The origins of those codified human rights moves wider still; and the answer lies within the enlightenment that framed the concepts of the rights of man and the codified Constitutions that included those rights within the law of nations – to Rousseau and the French Constitution and les droits de l’homme et Citizen and the US Constitution and the Bill of Rights, including the well documented disagreements between Burke and Paine and the criminalisation of possession of the pamphlet ‘On the Rights of Man’ in England.
While the Yogyakarta Principles can only be addressed in the time since their declaration, the rights of man in the context of Constitutional law is much wider; yet again we can return to Arendt as having examined those issues and concepts deeply within her work, in particular the Constitutional settlement of the United States in her political theories and the concept of rights within the Origins of Totalitarianism.

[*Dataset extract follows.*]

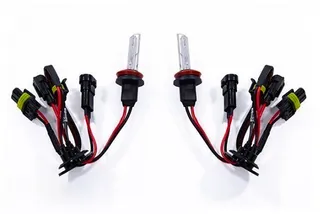 RFB H11 Replacement HID Bulb Pair - 4300K (Pure White)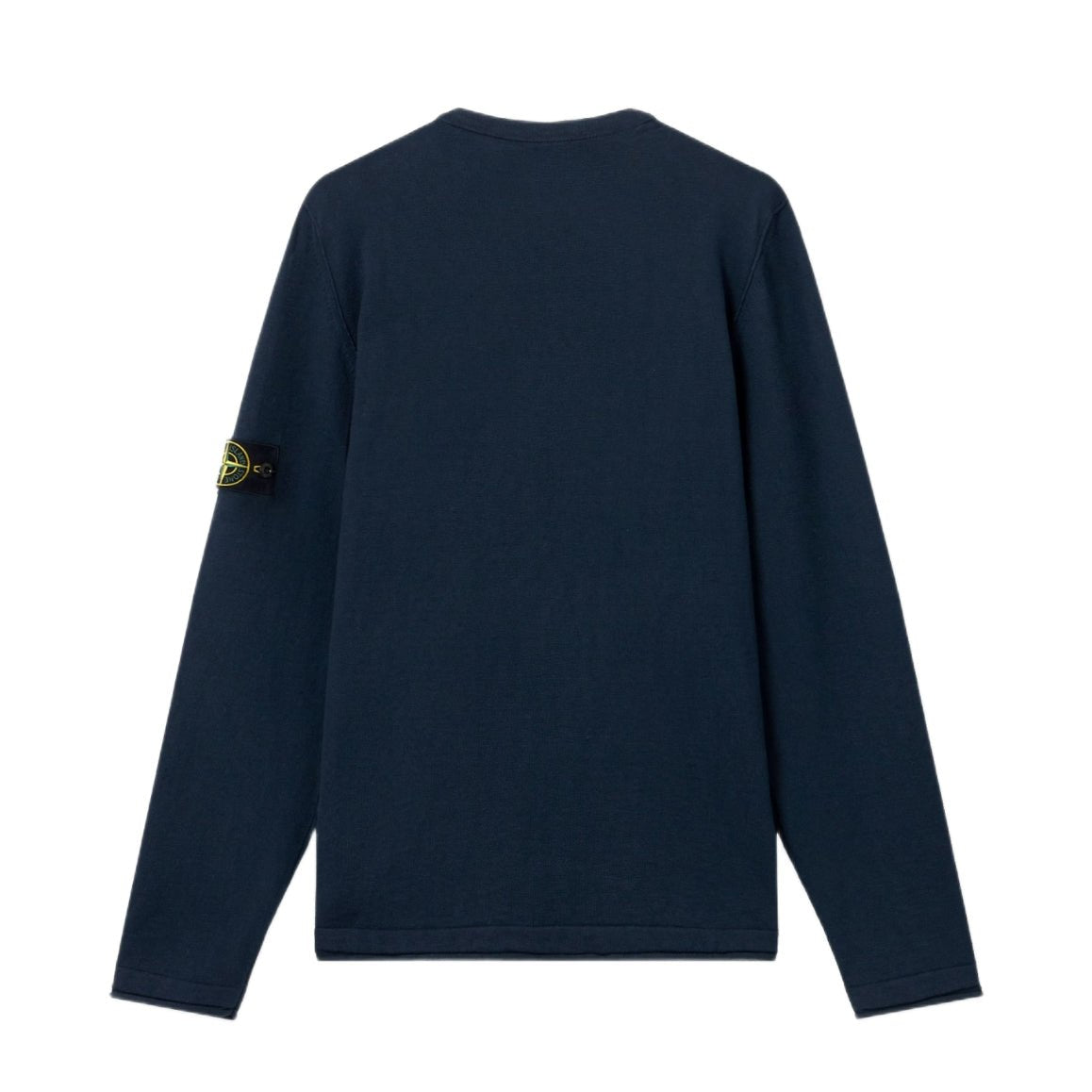 Stone Island Crewneck Knitwear Jumper - V0020 Navy Blue - Escape Menswear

The illusion of cultural universals, stemming either from a misunderstanding or misrepresentation of ‘Western’ philosophy (as discussed by Sen) as a category or ‘Eurocentrism’ (as discussed by Kolakowski ) seems to set LGBT rights as human rights in direct conflict with cultural values – those values described in Uganda or Nigeria as ‘African’ in nature or in the middle-east as those values described as ‘Islamic.’
That the category of ‘African’ or ‘Islamic’ in context is as wrong as ‘Western’ or ‘European’ since there is no possible way we can isolate and distinguish between Christianity and Islam (having the same Abrahamic roots) or between versions of Anglican Protestantism of English or Ugandan origin, is not in question. However, since the discourse of cultural relativism has been allowed to develop in the discussion of belief; especially as it relates to homosexuality and the apparent rejection of it through interpretation of Leviticus; in addition to the protection of faith and belief through human rights then the apparent conflict cannot simply be dismissed as irrelevant or rejected as an illusion – the purpose of the creation of a narrative within the collective is to allow or to frame expression in such a way that all perspectives can be given purpose.
It is no more an answer to ‘African identity’ to state that such a thing cannot exist since ‘European identity’ does not than it would be to dismiss ‘African identity’ as being culturally inferior or barbaric as compared to ‘European identity.’ We could argue that neither concept should exist, but that would be utopianism – creating a world with ideal conditions in which to examine the question rather than pragmatically handling the problems we have been given through the formation of identity whether we consider that formation to have been right or wrong.
The pretention to universality is indeed a problem; but it is one inherent in the system of international law and normative treaty law. Any examination of LGBT rights outside the domestic system of each individual state must recognise the problems as they exist and attempt an answer that can assist not just in creating a mechanism for legal protection of LGBT persons, but one that goes beyond fixing category errors of the past (should they be found to exist) in creating a system of rights under law that can lead to greater recognition and protection for individuals than the current system of human rights law created after world war two.